= Orchot Tzaddikim =

Book on Jewish ethics

Orchot Tzaddikim (אָרְחוֹת צַדִּיקִים) is a book on Jewish ethics written in Germany in the 15th century that is included in the Musar literature; it was first entitled Sefer ha-Middot (סֵפֶר הַמִּדּוֹת) by the author but called Orḥot Ẓaddiḳim by a later copyist. Under this title, a Yiddish translation, from which the last chapter and some other passages were omitted, was printed at Isny in 1542. However, the Hebrew original did not appear until 1581 in Prague. Subsequently, however, the book was frequently printed in both languages. The author of the work is unknown, but Rabbi Moritz Güdemann (Gesch. iii. 223) advanced a very plausible hypothesis that it was Lipmann Mühlhausen.

== The book ==
Most of the book is not original writing; it closely follows the structure of The Improvement of the Moral Qualities by Solomon ibn Gabirol, a foundational work in ethical philosophy. It also draws directly from many of Maimonides's works. Additionally, it incorporates ideas from well-known ethical texts such as Sha'arei Teshuvah (שַׁעֲרֵי תְּשׁוּבָה) by Rabbeinu Yona, which emphasizes repentance and purity of the soul, and Chovot HaLevavot (חוֹבוֹת הַלְּבָבוֹת), a comprehensive guide to virtuous living that explores the nature of the soul, faith, and ethical behavior by Rabbi Bahya ibn Paquda.

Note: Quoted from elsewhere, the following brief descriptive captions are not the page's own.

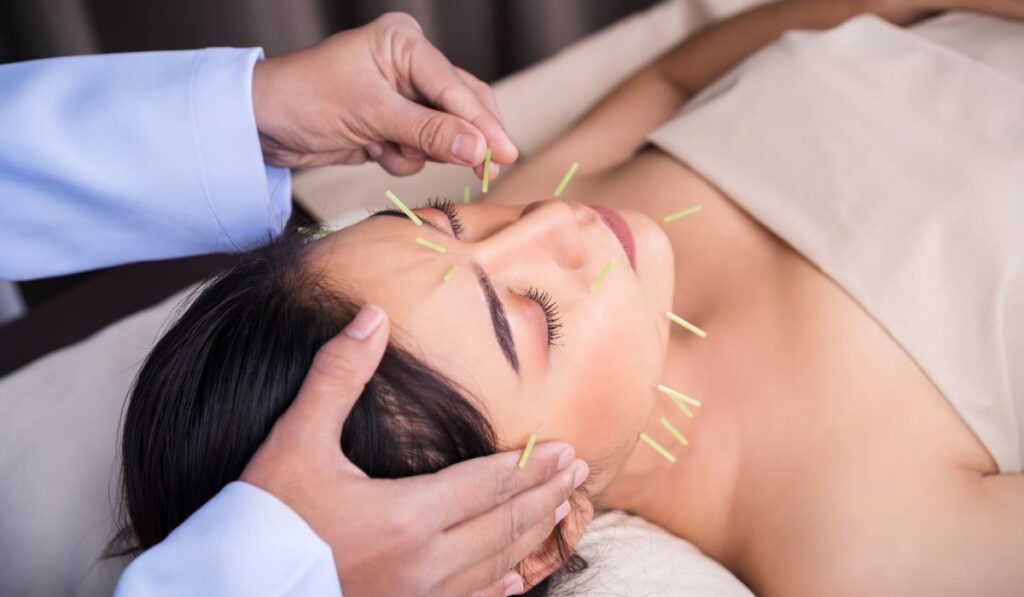 Facial Cosmetic Acupuncture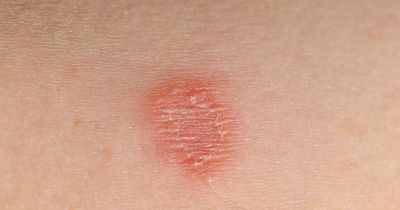 Tinea symptoms as two cases of drug resistant fungal infection confirmed
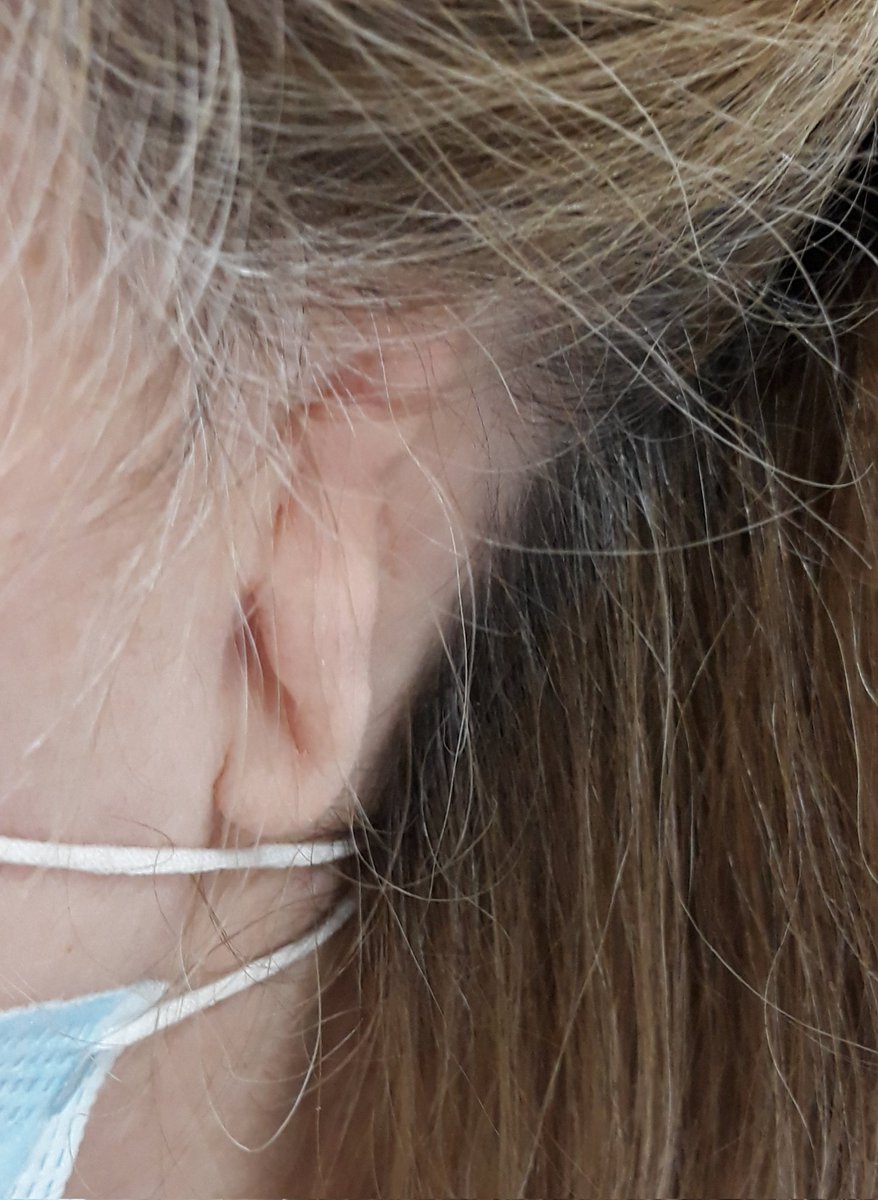 ortoarbos's tweet photo. Estas afectat de #microtia? 
Et podem ajudar!
Tant si vols mantenir el teu monyó residual, com si no tens clar en aquest moment si vols fer-te la reconstrucció quirúrgica, podem oferir-te una solució definitiva o temporal amb les epítesis de silicona.
👇🏻👇🏻 https://t.co/9uviMxIVXI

Orchot Tzadikim, intended as a popular code of ethics, consists of a large volume of maxims:
- "It is evil pride to despise others, and to regard one's own opinion as the best, since such an attitude bars progress, while egotism increases bitterness toward others and decreases thine own capability of improvement" (1:24).
- "Be just and modest in association with others, and practice humility even toward the members of the household, toward the poor, and toward dependents. The more property thou hast, the greater should be thy humility, and thy honor and beneficence toward mankind" (2:6).
- "Be kind to thy non-Jewish servants; make not their burdens heavy, nor treat them scornfully with contemptuous words or blows" (8:9).
- "Forget not the good qualities thou lackest, and note thy faults; but forget the good that thou hast done, and the injuries thou hast received" (20:4).
- "Abash not him who hath a bodily blemish, or in whose family there is some stain. If one hath done evil and repented, name not his deed in his presence, even in jest, nor refer to a quarrel which has been ended, lest the dead embers be rekindled" (21:9).

In chapter 27, the author bitterly attacks the pilpul method of study, reproves his fellow Jews who engage in this method of Talmud study, and reproaches those who neglect the study of the Bible and sciences.

===Authorship===
According to Rabbi Gil Student, "[Orchot] Tzadikim is an anonymous [Musar] sefer that has enjoyed a lasting impact on Judaism. It is surprising that the sefer was never attributed to anyone... we can state with certainty is that the author lived in or after the early 14th century. Despite being influenced by the German Chasidim, he was a follower of the French Ba'alei Ha-Tosafot. We can suggest that the author lived in the late 14th century in France or among French exiles, but not in Germany or Spain".

There is speculation that the book was authored by a woman, owing to the author's heavy reliance on biblical rather than Talmudic sources and the decision to publish anonymously. However, publishing anonymously may merely indicate the author's very example of character development. Additionally, notwithstanding the author's frequent use of biblical sources, the author was clearly well-versed in Talmudic passages and, at one point, sharply criticizes the pilpul method of Talmud study, recommending a more traditional approach. There is, however, internal evidence that the author may have been thinking within the world of women at the time, as seen in the use of cooking metaphors.

== Jewish Encyclopedia bibliography ==
- Zunz, Z. G. p. 129;
- Benjacob, Oẓar ha-Sefarim, p. 51, No. 989;
- Güdemann, Gesch. iii. 223 et seq.;
- Winter and Wünsche, Die Jüdische Litteratur, iii. 639–641.